OBJECTIVE: In Canada, novo-methylphenidate extended-release capsules (Novo-MPH ER-C, Novopharm Limited, Canada) was approved as being bioequivalent to a current first-line treatment for attention deficit hyperactivity disorder (ADHD), CONCERTA (OROS-MPH, Janssen Inc, Canada). The present practice review was undertaken to determine whether bioequivalence of these products translates into therapeutic equivalence.
METHODS: The present study was a retrospective, single-centre, observational review of consecutive paediatric ADHD patients prescribed OROS-MPH during a seven-month period.
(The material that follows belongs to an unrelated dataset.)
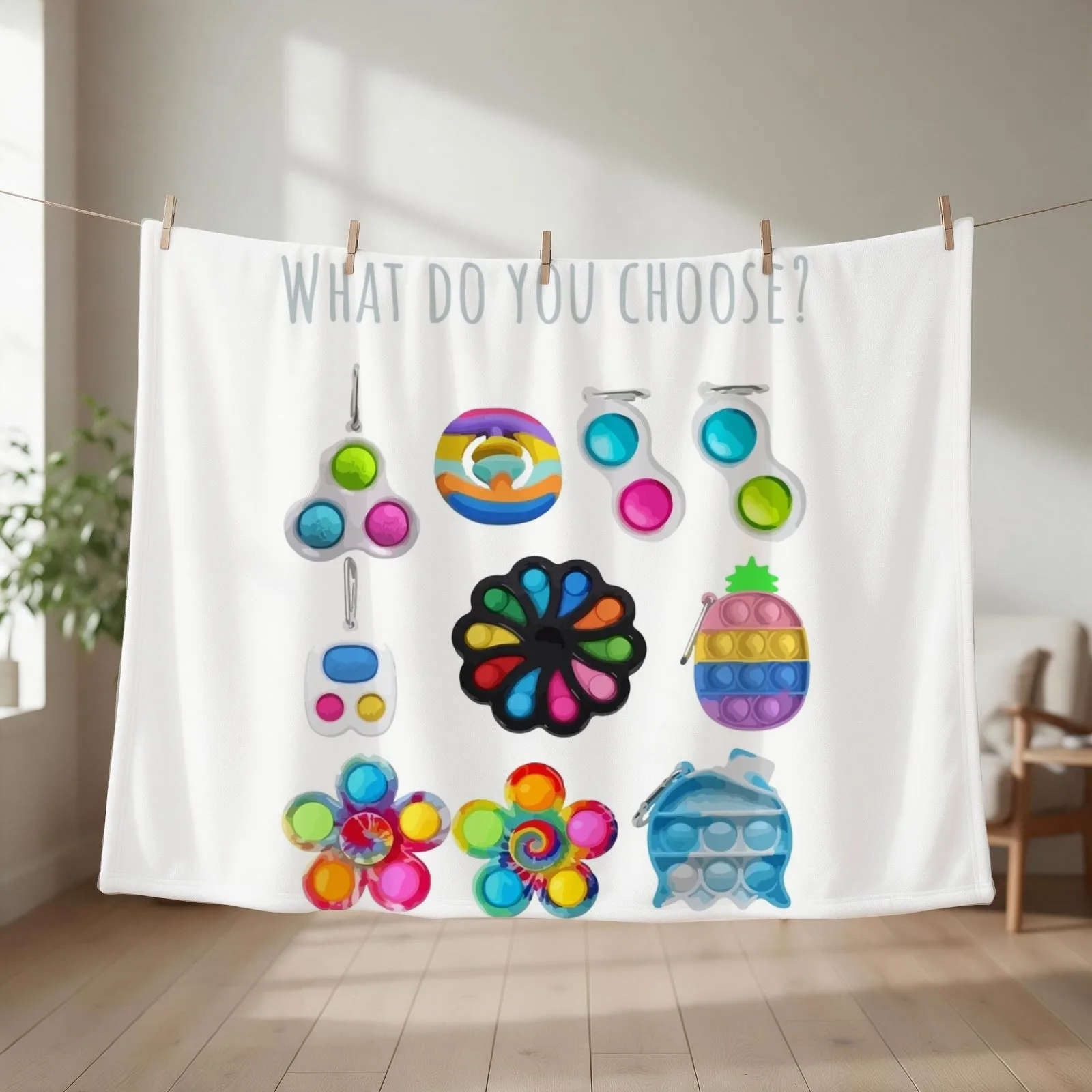 Your choice: Pop it, Simple Dimple or Snipers Throw Blanket Luxury Thicken Large Thermals For Travel Decoratives Blankets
RESULTS: Of the 53 patients who had been switched to the bioequivalent product, 87% destabilized and 43% indicated a shorter duration of effect. In comparison, of those who never tried the second entry medication, only 26% destabilized. Qualitative data indicated differences with regard to side effects, efficacy and duration of effect.
CONCLUSIONS: The present retrospective study indicated that Novo-MPH ER-C is not therapeutically equivalent to OROS-MPH. Once an individual with ADHD is effectively managed, disruption of their treatment should be avoided.